━━━━━ Collected material
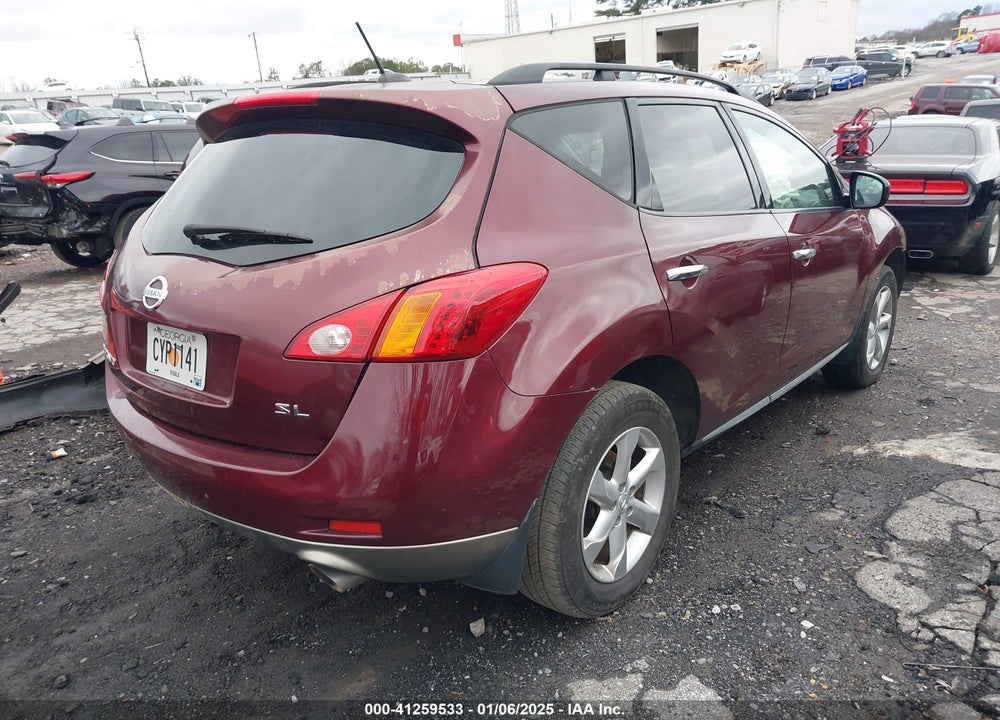 2009 NISSAN MURANO SL VIN: JN8AZ18UX9W008239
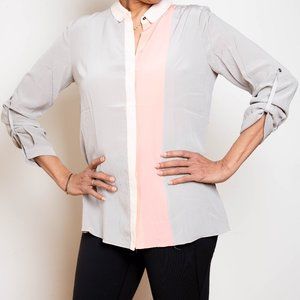 Elie Tahari 100% Silk grey and pink long sleeve blouse, size S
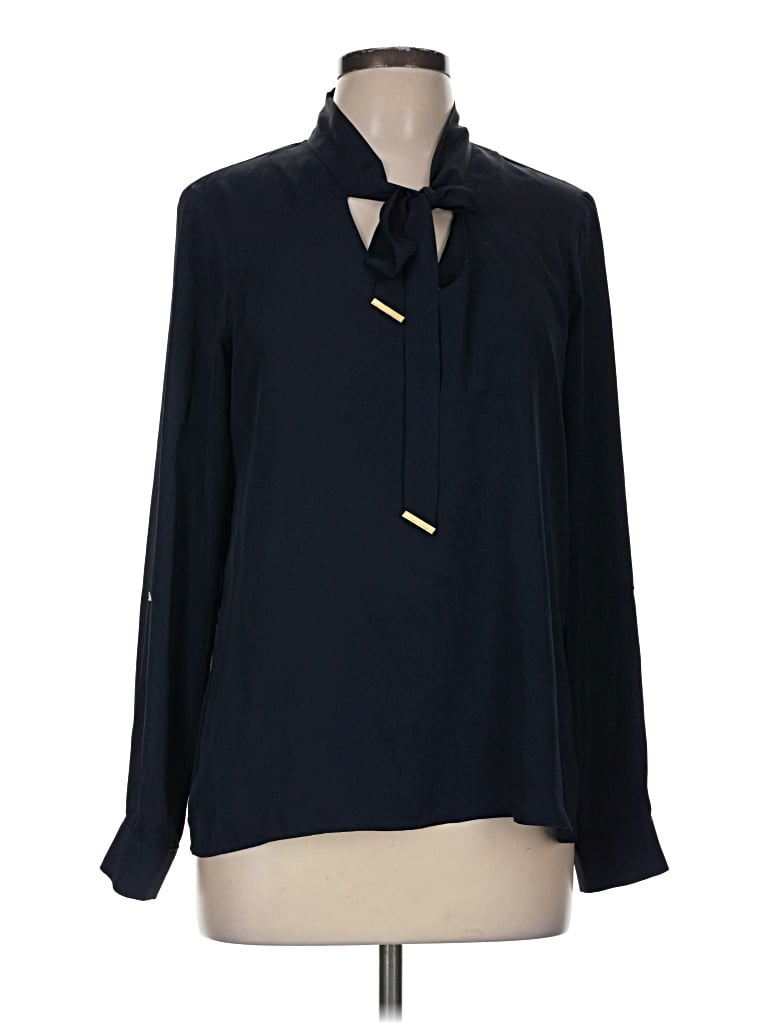 Pre-owned Anne Klein Long Sleeve Blouse In Blue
━━━━━━━━━━
→ Exercise description: Repeat the material exactly. Any picture in it should be dropped.

→ Task response:
 2009 NISSAN MURANO SL VIN: JN8AZ18UX9W008239
 Elie Tahari 100% Silk grey and pink long sleeve blouse, size S
 Pre-owned Anne Klein Long Sleeve Blouse In Blue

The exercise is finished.